(Stored data)
================================

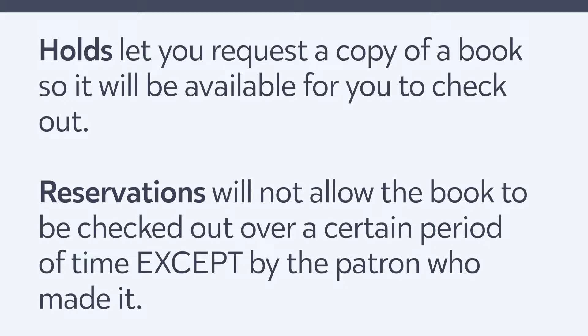If the book is currently checked out, it allows you to request the item once it has been returned. Reserving an item is similar, as it will not allow the book to be checked out during a specified date range to anyone other than the patron that had placed the reservation.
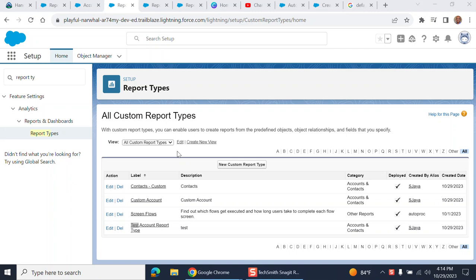I'll show you how to add fields to custom report types. When you create a custom report type, only standard fields get added. If you want to add custom fields to the custom report type, you need to edit it.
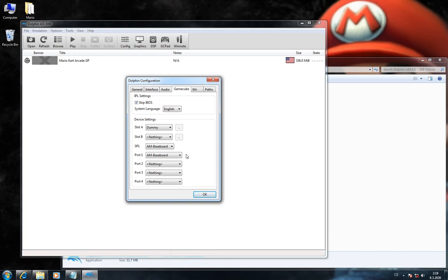If you are using more than one version of Dolphin, the emulator will probably change your settings. So before every play of this game, you should check your settings, especially the AMBaseboard.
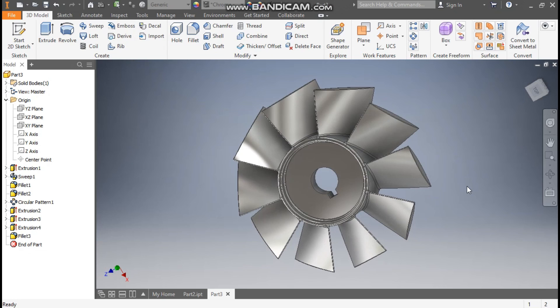This was a basic tutorial on how to construct a 3D CAD model of a turbine blade in Autodesk Inventor software. I hope you liked the video. If you did, please hit Like and subscribe to the channel for more such videos. Thank you.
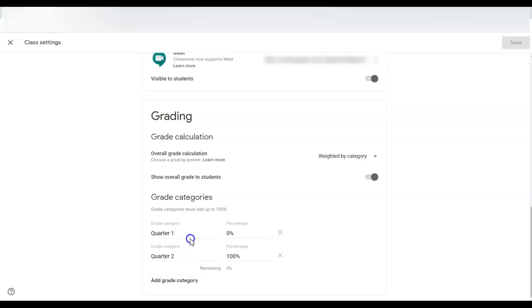Add your categories. So I only have two categories right now because it's early in the year, it's first semester. Quarter one is zero percent, quarter two is a hundred percent.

================================

§ Exercise brief: Please copy the lines above exactly, starting at the line that holds "I'll show you" and ending at the line that holds "This was a basic"; include both, but no pictures.

§ Answer for this exercise:
I'll show you how to add fields to custom report types. When you create a custom report type, only standard fields get added. If you want to add custom fields to the custom report type, you need to edit it.
If you are using more than one version of Dolphin, the emulator will probably change your settings. So before every play of this game, you should check your settings, especially the AMBaseboard.
This was a basic tutorial on how to construct a 3D CAD model of a turbine blade in Autodesk Inventor software. I hope you liked the video. If you did, please hit Like and subscribe to the channel for more such videos. Thank you.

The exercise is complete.